Alexandre Soljénitsyne (1918-2008) est le plus célèbre dissident soviétique : homme et écrivain d’une envergure exceptionnelle, il est l’un des géants du XXe siècle. Le centenaire de sa naissance est l’occasion de revenir sur cet immense personnage avec Véronique Hallereau qui lui consacre une bonne partie de ses travaux. Extrait d’un entretien paru dans La Nef :
L’essayiste a parfaitement analysé les failles de nos sociétés modernes libérales-capitalistes : quelles sont-elles pour lui ?

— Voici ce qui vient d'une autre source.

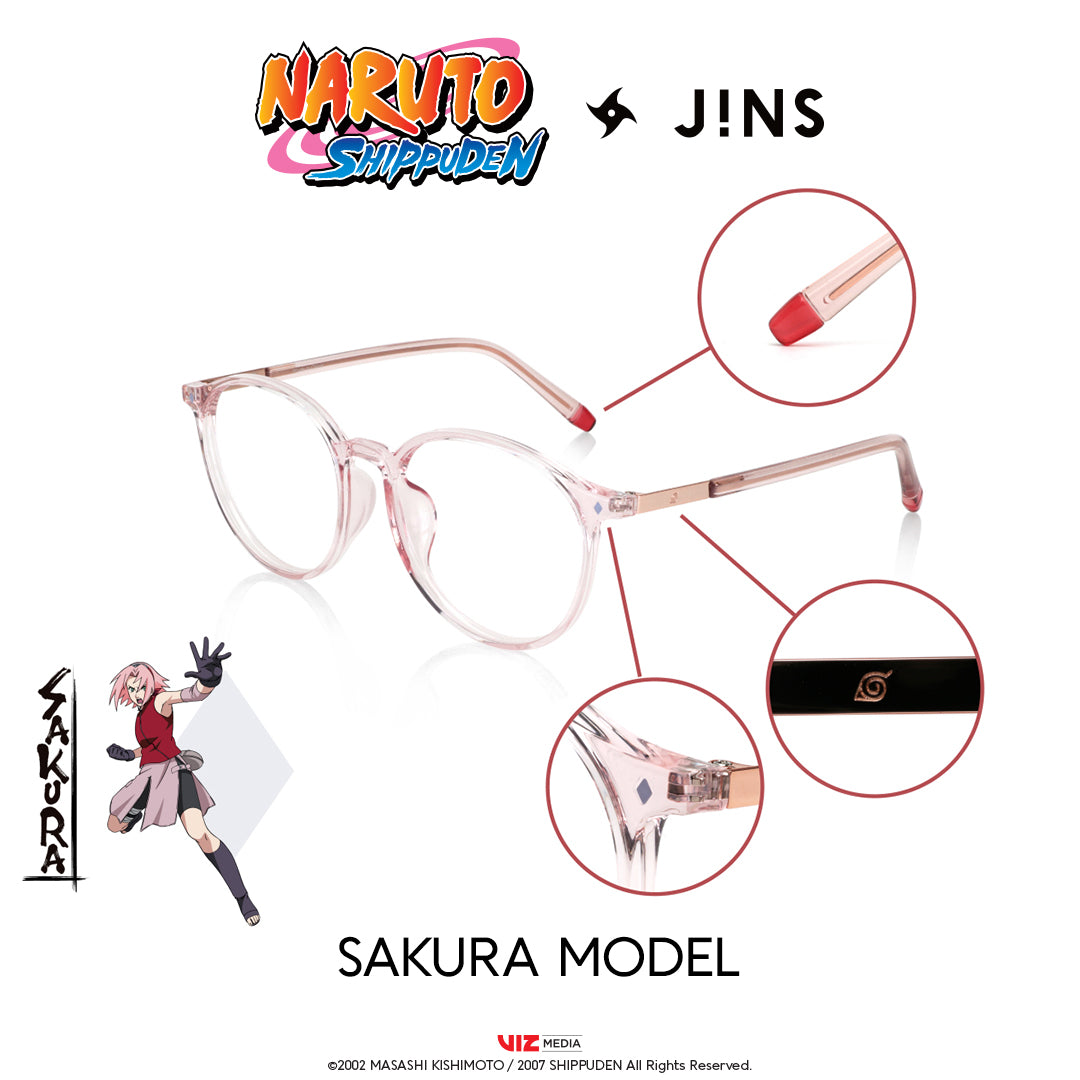 JINS x NARUTO SAKURA Model Pink Glasses - Anime Inspired Eyewear for Naruto Fans - Perfect for Cosplay, Fashion & Daily Wear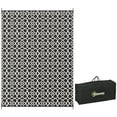 thumbnail image 1 of Outsunny Waterproof Outdoor Rug w/ Carry Bag, 9' x 12', Black White Clover, 1 of 10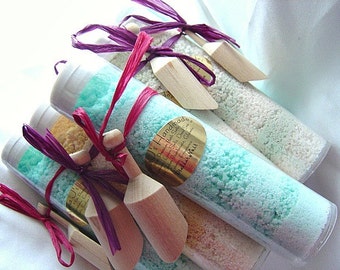 SALE-Dead Sea Bath Salts-You get 9- 6 oz. tubes each with wooden scoop. Made by Nana J's Handmades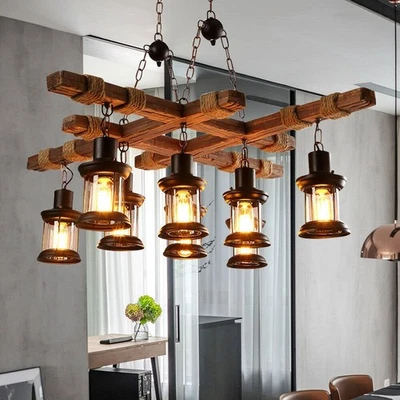 8-Light Rustic Country Chandelier Wood Pendant Lamp Industrial Ceiling Lamp - Image 1 of 4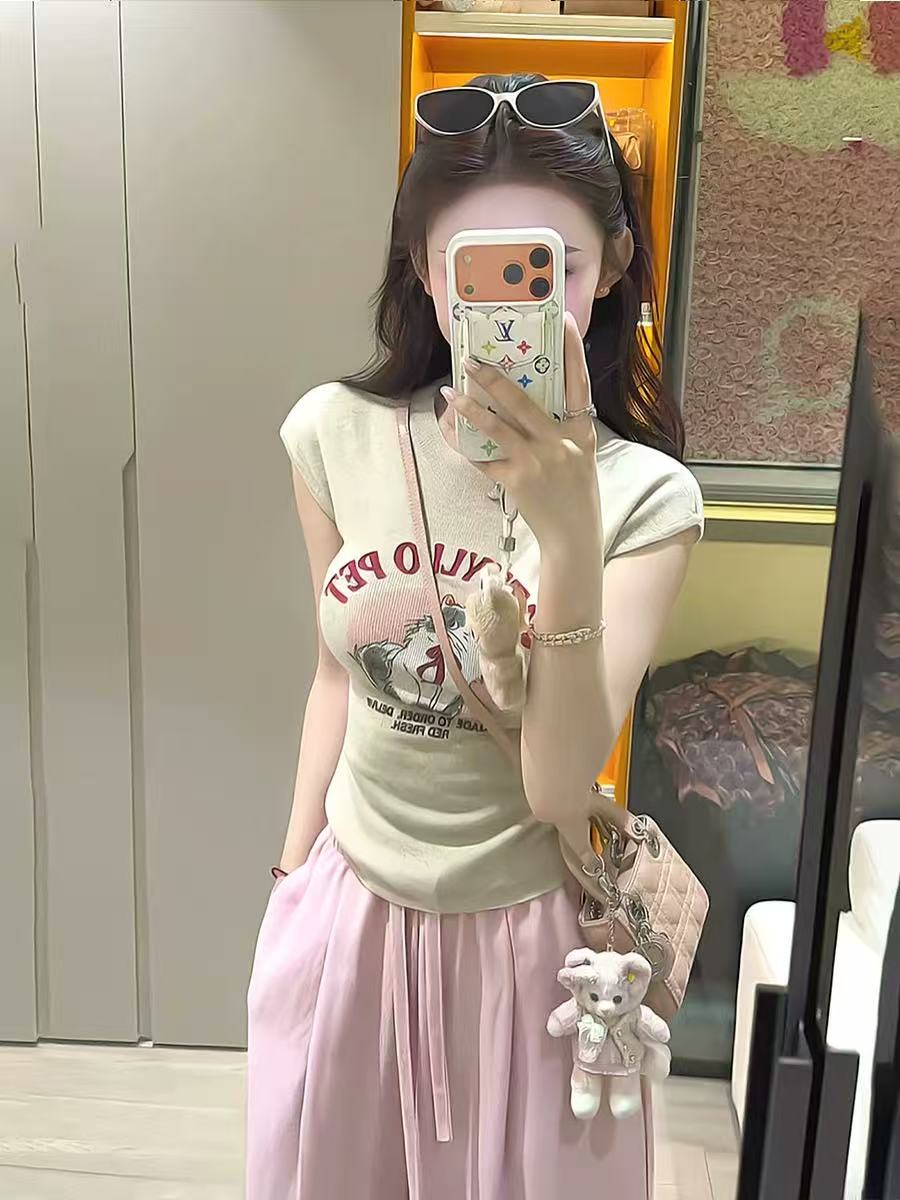 多色甜美趣味印花修身針織短袖T恤女夏季修身顯瘦辣妹風短款上衣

La faille essentielle qu’il voit dans nos sociétés est d’avoir mis l’homme au centre : Soljénitsyne est un critique de l’humanisme. De plus, cet homme moderne est un être dont le regard ne quitte pas les horizons terrestres ; c’est un rationaliste, tourné vers l’acquisition illimitée de biens matériels et la volonté de maîtriser la nature pour son seul intérêt – ou ce qu’il croit être son intérêt. Soljénitsyne s’est beaucoup intéressé aux travaux du Club de Rome pendant les années 70, qui confortaient une certitude acquise dans les camps : les nations, comme l’homme, devaient se modérer et privilégier la vie spirituelle. Il en fera le titre d’un de ses plus célèbres articles, « Du repentir et de la modération comme catégories de la vie des nations ». Il a critiqué le complexe de supériorité des sociétés occidentales, que l’indéniable avance technique et la plus grande richesse matérielle conduisent à se poser en exemple de développement humain. Il le dira dans son discours de Harvard, Le déclin du courage : il ne pouvait faire des sociétés occidentales un modèle à suivre : l’homme y était amoindri, il perdait de sa fermeté morale. L’abondance matérielle, le bruit continu de la publicité, du divertissement, de la palabre, étouffaient l’âme aussi sûrement que dans les pays communistes – et plus insidieusement, en s’appuyant sur le bien-être du corps.